Saturday, 2 October 2010


CHITTAGONG, Oct 01: The other day Satish Chakma was counting the sale proceeds from his vegetables sitting under a tree on the Laksmichhari Road, about 500 yards off the newly built Dhurang Bridge. He looked happy with the money he had earned.
"I have earned a good amount by selling my vegetables," he said with a burning Churut (a local brand of cigarette) in the right hand when asked why he was sitting alone in the evening."
"Our products bring money these days. We could not sell our vegetables so long. People in our locality produced different kinds of kitchen goods mostly for our own consumptions as there is no big market to sell them," he said adding they are producing more now and selling to the buyers from the town area.
Nur Mohammed, a vegetables vendor from Fatikchhari Bibirhat, said supply of greenstuffs is in abundance in the Fatikchhari-Laksmichhari border but they could not come here due to communication problem.
"For the last three months we have been selling goods at Bibirhat near Fatikchari upazila headquarter and also in the town area.
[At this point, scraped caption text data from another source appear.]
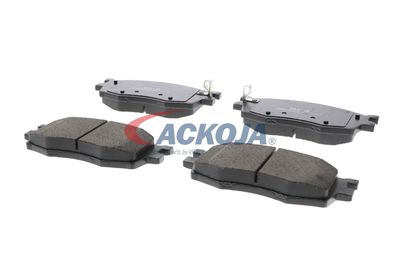 SET PLACUTE FRANA FRANA DISC ACKOJA A520069 14
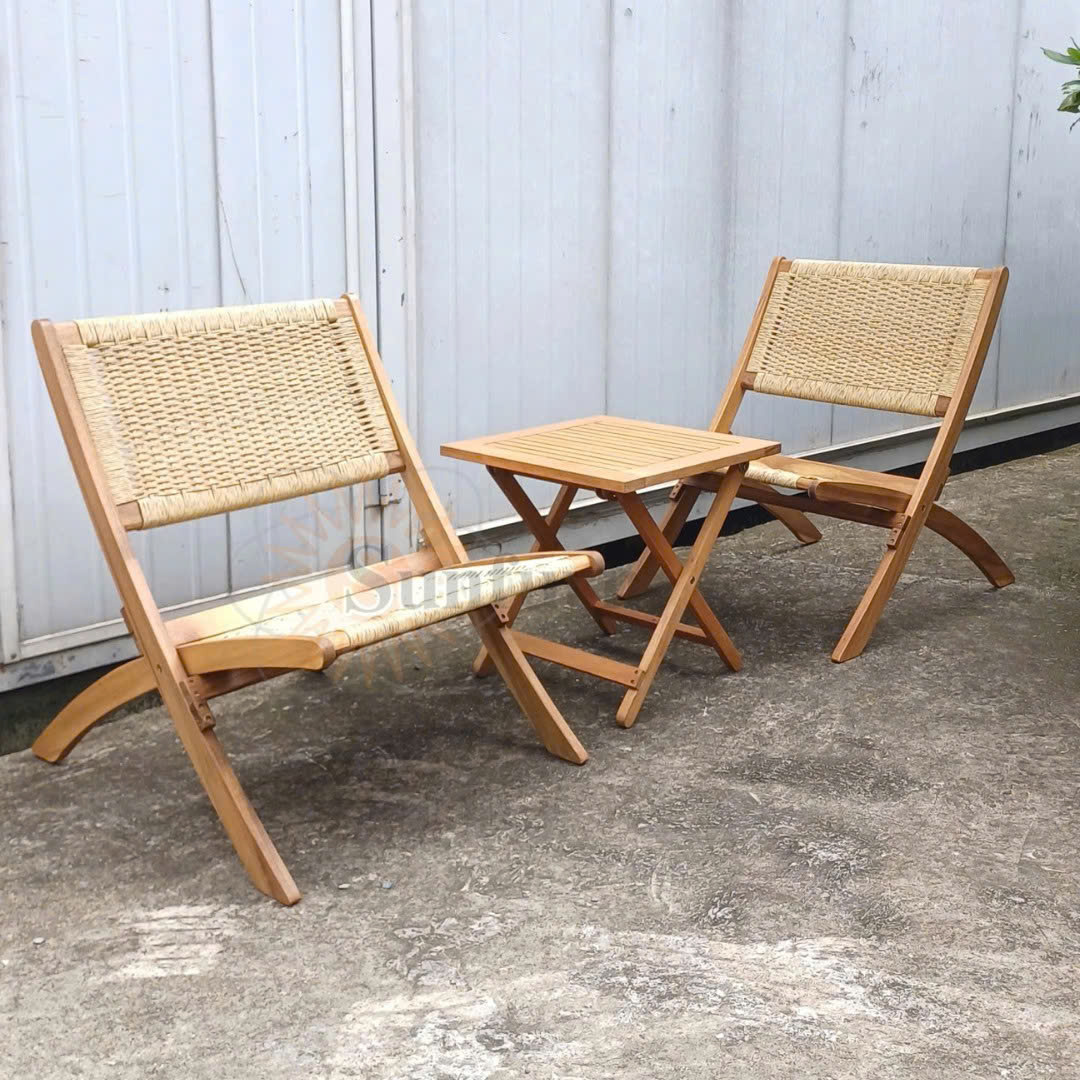 combo-ban-vuong-45-cm-2-ghe-handmade-lon-day-may-nhua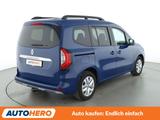 Renault Kangoo 1.5 BLUE dCi Edition ONE *LED*PDC*SHZ* - Renault Kangoo mit Diesel-Antrieb: 1.5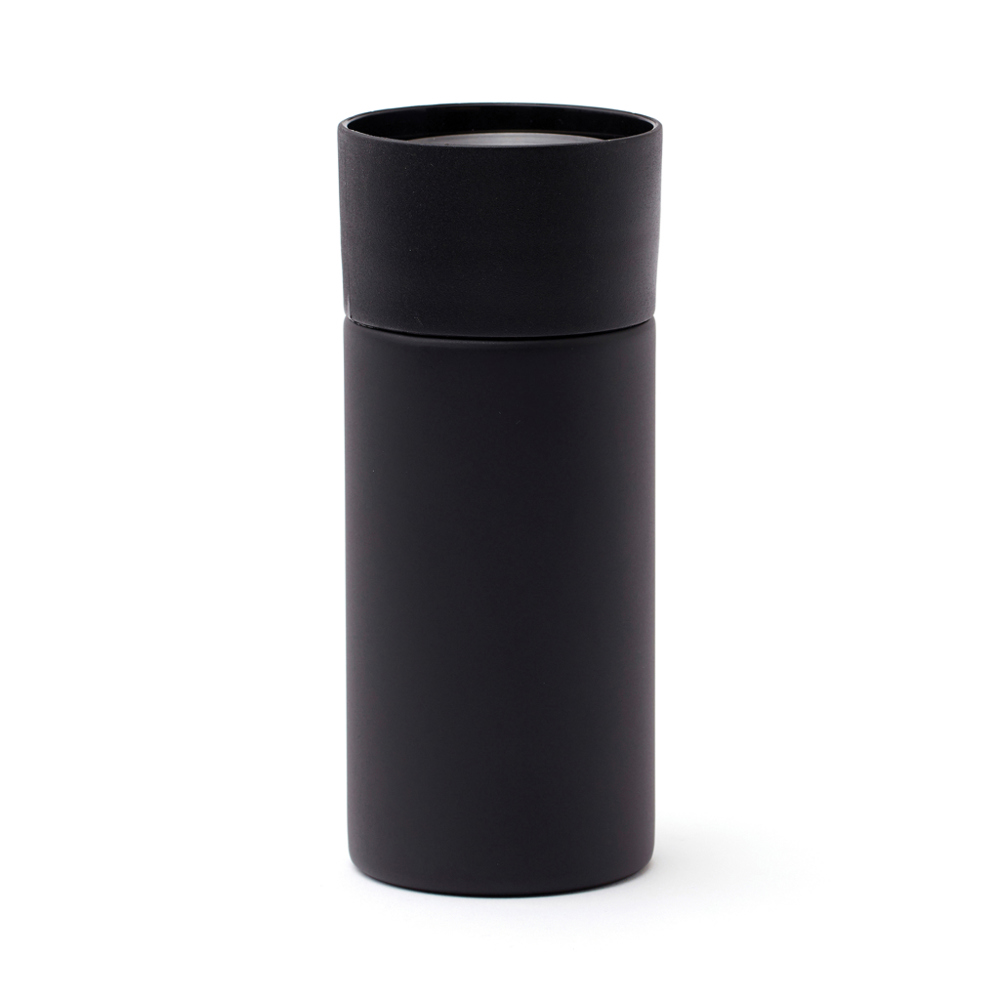 VINGA Otis thermos to-go-mug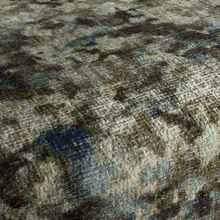 Chivasso Far Horizon meubelstof in kleur CH3134/030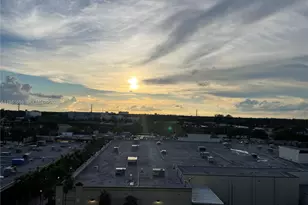 2775 NE 187th St, Aventura, FL 33180 - Photo 19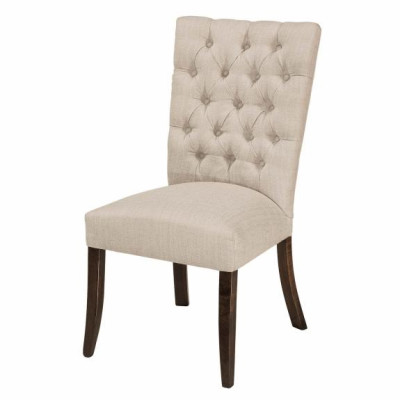 Alana Upholstered Dining Chair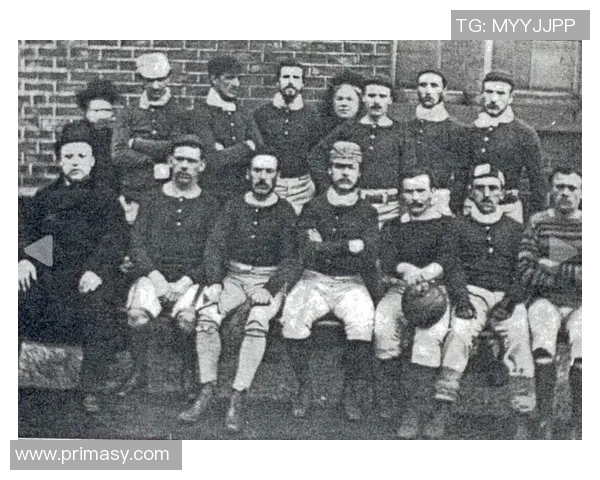 谢菲尔德足球俱乐部的辉煌历程与未来发展展望 谢菲尔德足球俱乐部的辉煌历程与未来发展展望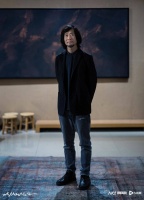 ​广东美术馆馆长王绍强：打造具有世界影响力的学术品牌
We often cross the Dhurang Bridge to get vegetables in good volume and take them to the city's Bahaddarhat and Reazuddin Bazar by mini trucks," Nur said.
Sawdagars (wholesalers) from the city sometimes visit the greenstuffs-rich area to make sales contract with the farmers directly, he said.
Both Chakma and Nur said the newly built bridge on the Dhurang Khal has paved way for them to earn their livelihood, which was their long cherished desire.
"It was our long dream that one day we could cross the Dhurang canal by motorized vehicles," Nur stated.
For the last three months mini trucks, vans, taxies and even cars have been plying across the bridge to the hill district of Rangamati with people and goods, day in, day out.
Md Selim Chowdhury from Kanchannagar village of Fatikchhari told the FE the bridge has opened up new vistas for booming up rural economy apart from linking the two remote upazilas: Fatikchhari of Chittagong and Laksmichhari of Rangamati.
The 126-metre RCC-bridge on Dhurang Khal was constructed recently at the cost of Tk 38.8 million funded by the local government engineering department (LGED) under LGRD ministry at the initiative of advisor of the former caretaker government M Anwarul Iqbal.
The advantage of the bridge is that the people from both sides of the two districts now feel safe and relieved as the once notorious criminal gangs have fled away from the dense forest because members of the Laksmichhari army camp have beefed up patrol in hunt for them across the bridge by their vehicles.
The camp now is hardly 50 metres off the bridge that has connected Engineer Farhad Chowdhury and Laksmichari Road via Dhurang union council.